DEBATTE Das Urheberrecht steht unter Beschuss. Ob nun Piraten oder bebrillte Internetnerds, sie scheinen sich einig zu sein: Bereit zum Entern!

PRO VON KEVIN TARUN

Das bestehende Urheberrecht schützt Künstler und ihre Werke. Die Gegner fordern, dass Kunst direkt ins Netz gestellt und somit einer größeren Öffentlichkeit zur Verfügung gestellt wird. Dabei ignorieren sie jedoch, dass der digitale Großverleger Google keine Aufnahmekriterien für seine weltweite Datenbank hat. So speit uns Google einen Brei auf die Bildschirme, in dem bedeutsame Werke mit Trash und Werbung vermengt sind. Das Netz verlegt grundsätzlich alles. Das ist der große Unterschied zum klassischen Verlagswesen, das seine Gegner als „profitgeilen Verwerter“ dämonisieren.

Was hierbei aber vergessen wird, ist der Strom, der die Kulturindustrie am Laufen hält: Der Kapitalstrom, der technisches Equipment, tiefer gehende Recherchen, Lektoren sowie die PR bezahlt. Außer all diesen Leistungen verleugnen die Webfetischisten, dass Verlage den Kulturschaffenden Zeit durch die kommerzielle Verbreitung ihrer Werke verschaffen: Ohne ihren Interessenvertreter – den Verlag – müssten sie einem Zweitjob nachgehen, der Zeit und Konzentration raubt.

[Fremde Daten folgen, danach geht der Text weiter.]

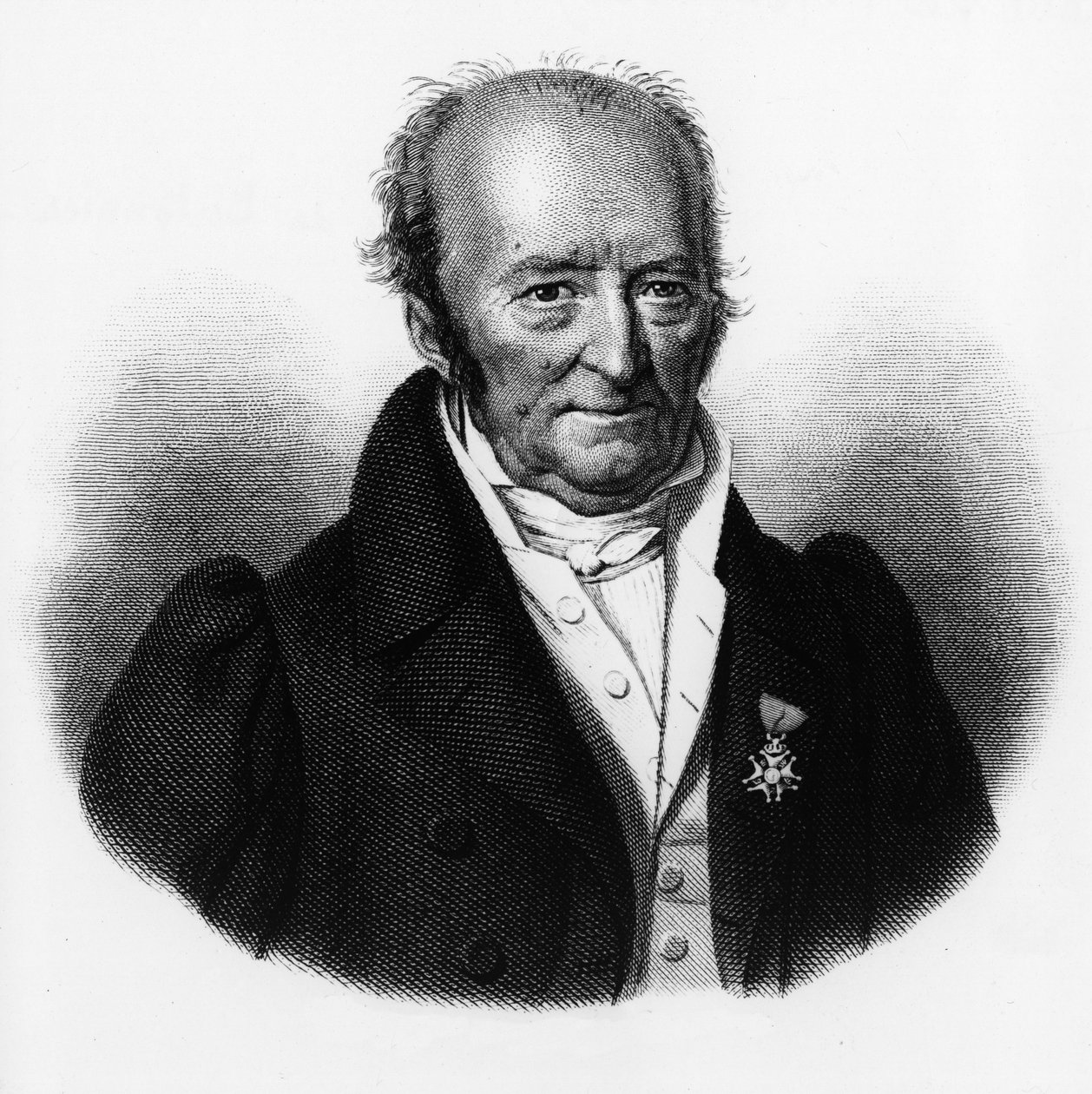 पियरे आंद्रे लैट्रेल (1762-1833), फ्रांसीसी पुजारी और प्रकृतिवादी। द्वारा अज्ञात कलाकार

Im blinden Rausch des Verlagsbashings könnte man leicht auf die Idee kommen, auch tradierte Zeitungsverlage und Redaktionen einzuäschern – denn dort werden Produkte ja auch nicht ins Netz gestellt, ohne dass jemand dafür entlohnt wird. Warum Verlage nicht eingerissen werden? Weil wir nicht darauf setzen dürfen, dass Qualitätsjournalismus und damit Demokratie von unbezahlten Redakteuren gesichert wird, die ihren Unterhalt anderweitig bestreiten müssen und aus purer Selbstlosigkeit schreiben.

Für Journalismus, aber eben auch für Kultur gilt: „Zeit ist Geld.“ Umgekehrt heißt das: Geld erkauft Zeit. Ohne Gehalt, das hauptberufliche Journalisten oder Künstler über das Verlagswesen verdienen, würde ihnen diese Zeit fehlen. Verlage und Kapital allein garantieren Qualität zwar nicht – aber sie können ein tragfähigeres Fundament für konzentrierte Arbeit schaffen, als eine gestresste Altruistenarmee es könnte. Die Legalisierung des freien Kopierens würde die notwendigen Kapitalströme eindämmen, das Verlagswesen mittelfristig zum Einsturz bringen und damit das Fundament für Qualität unterspülen.

CONTRA VON MORITZ LOHMANN

Das Urheberrecht wird hintergangen, und der Staat scheitert am Eindämmen der Internetkriminalität. So viel steht fest: Es scheint beinahe unmöglich zu sein, in der Anonymität des World Wide Web Urheberrechtsverletzungen zu verhindern. Natürlich gibt es Lösungsansätze der Regierungen. Wirklich ernst zu nehmen sind diese nicht. Totale Überwachung des Internets oder eine Verbannung, bloß weil mehrmals illegal Musik heruntergeladen wurde, sind nicht tragbar.

Das Abschaffen des Urheberrechts ist es auch nicht. Worum geht es? Es geht um eine Modernisierung. Die NutzerInnen werden meist unbewusst kriminell. Der Grund dafür ist die Unüberschaubarkeit des Urheberrechts. Darf man zum Beispiel ein Lied parodieren und das im Internet veröffentlichen? Wie viel Text darf man aus einem Buch zitieren, ohne eine Straftat zu begehen? Gute Frage, nächste Frage.

Ein Vorschlag zur Vereinfachung ist das Prinzip „Fair Use“. Die Parodie des Liedes wäre dann zweifelsfrei möglich, solange mit ihr kein Geld verdient wird. Auf diese Weise, im amerikanischem Rechtsraum längst anerkannt, würde auch in Deutschland kunstschaffenden Laien mehr Freiraum geboten. Die Interessen der Urheber müssen gewahrt bleiben, es muss jedoch ein Kompromiss mit den Nutzern gefunden werden.

Neue Regelungen müssen her. Spielregeln, die möglichst viele Menschen als gerecht empfinden. Nur dann besteht die Chance, dass sie auch eingehalten werden.

Den Beweis dafür liefern die stetig steigenden Nutzerzahlen des Musik-Streaming-Anbieters www.spotify.com. Bei diesem amerikanischen Modell werden Lizenzgebühren unter anderem über Werbung finanziert. Der Nutzer hat die Möglichkeit, entweder kostenfrei einen eingeschränkten Dienst zu nutzen oder alternativ ein Abonnement abzuschließen und dafür unbegrenzt online Musik zu hören.

Für Verleger und Plattenfirmen ändert sich also nicht viel. Auf welchem Weg sie für ihre Arbeit bezahlt werden, spielt keine Rolle. Es gibt aber den entscheidenden Vorteil: Jeder Mensch kann auf Kunst zugreifen, ohne dass finanzielle Möglichkeiten eine Rolle spielen.